Sie kam am Samstag, wenige Minuten vor Schließung des Postamtes. Ein Geldtelegramm mit 100.000 Peseten. Grob über den Daumen: 1.600 DM. Am Morgen auf dem Münchner Flughafen eingezahlt.
Pfiffige Statistiker fanden heraus, dass spanische Post- und Bankräuber vorzugsweise während der kühleren Nachmittagsstunden anklopften. Da war es nur konsequent, dass diese Institute ihre Pforten vor dem kaum zu bewältigendem Ansturm bereits mittags schlossen.

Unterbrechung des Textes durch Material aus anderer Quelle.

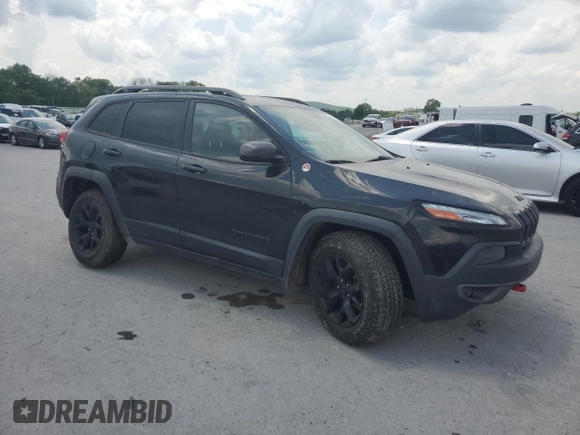 2015 Jeep Cherokee Trailhawk with VIN 1C4PJMBS7FW577826, listed as a Copart auction lot 54933105 with 163,751 mi miles and Clean title. Bid and sale history available at DreamBid. Image 4.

Am Nachmittag tätigte ich einige kleinere Besorgungen und verbrachte die Nacht wieder mal im IPANEMA. Zerknittert machte ich mich in den frühen Morgenstunden, so gegen neun, zu Teresas Cerveceria auf. Wir waren allein und sie wollte Sex. Warum nicht. Mal was Neues. Eine Bierbar hat seine Reize, wenn auch meist erst nach dem dritten Glas. Und die brachte ich mit.

Zunächst aber dürstete mein Körper nach Kaffee. Viel Kaffee. Sie stellte mir einen kräftigen Muntermacher auf die Bar und öffnete langsam die drei oberen Knöpfe ihrer Bluse. Ein hässliches, tiefrotes Teil mit Goldstickereien. Ich wurde den Verdacht nicht los, sie versuche sich in einer verführerischen Pose. Der Frau fehlte einfach nur unendlich viel Übung.
Ungeduldig kontrollierte sie den Pegelstand meiner Tasse. Meine einzige Hoffnung, sie möge mich vor dem Anblick ihres blutleeren Fleisches bewahren, wurde nicht erfüllt. Damit war mein Vorrat an Verständnis aufgebraucht.
Nach einer halben Zigarette schlief ich ein. Man ist eben nicht mehr der Jüngste.

Zwei Stunden Schlaf auf einem wackligen Barhocker war nicht das, wonach ich mich nach einer durchgemachten Nacht sehnte. Doch empfand ich eine erstaunliche Frische. Mein Kaffee war natürlich kalt. Teresa ebenso. Auch recht. Ich bat sie um Füllhalter und Papier, setzte mich an den Tisch neben der Tür und schrieb an Sorbete.

Von den fünf kleinen Tischen, die Teresas Bierbar bot, war jener unmittelbar neben dem Eingang der Begehrteste. Denn insbesondere zur Mittagszeit sorgte hier ein ungebremstes Lüftchen für ein wenig Abkühlung. Für die Pechvögel auf den hinteren Plätzen und an der Bar blieb meist nur die eigene Belastbarkeit auszutesten oder andere Pflichtübungen wie eifriges Zeitungswedeln.

Meine bescheidenen Spanischkenntnisse reichten bei Weitem nicht aus für eine schriftliche Verständigung auf höherem Niveau. Deshalb trug ich den verfassten deutschen Text Teresa mündlich vor. Sie schrieb, ohne Nachholbedarf für den entgangenen Spaß anzumelden, einen gewöhnlichen Urlaubsbrief. So unverfänglich, dass ich von einer Überprüfung des Textes absah. Ich vertraute darauf, dass sie mit dem fertigen Produkt keine Einkaufsliste ablieferte. Und Sorbete würde mich schon verstehen.

Für Seiler stellte ich dann noch die gewünschte Hotelliste zusammen. Hierzu breitete ich die beiden Hotelführer der Costa del Sol, die ich auf dem Weg zu Teresa aus dem Touristikbüro am Paseo mitnahm, nebeneinander vor mir auf dem Tisch aus und nummerierte die infrage kommenden Häuser durch. Fünf an der Zahl. Allesamt bei San Pedro, einem Kaff an der Hauptstraße nach Marbella, wenige Kilometer von Estepona.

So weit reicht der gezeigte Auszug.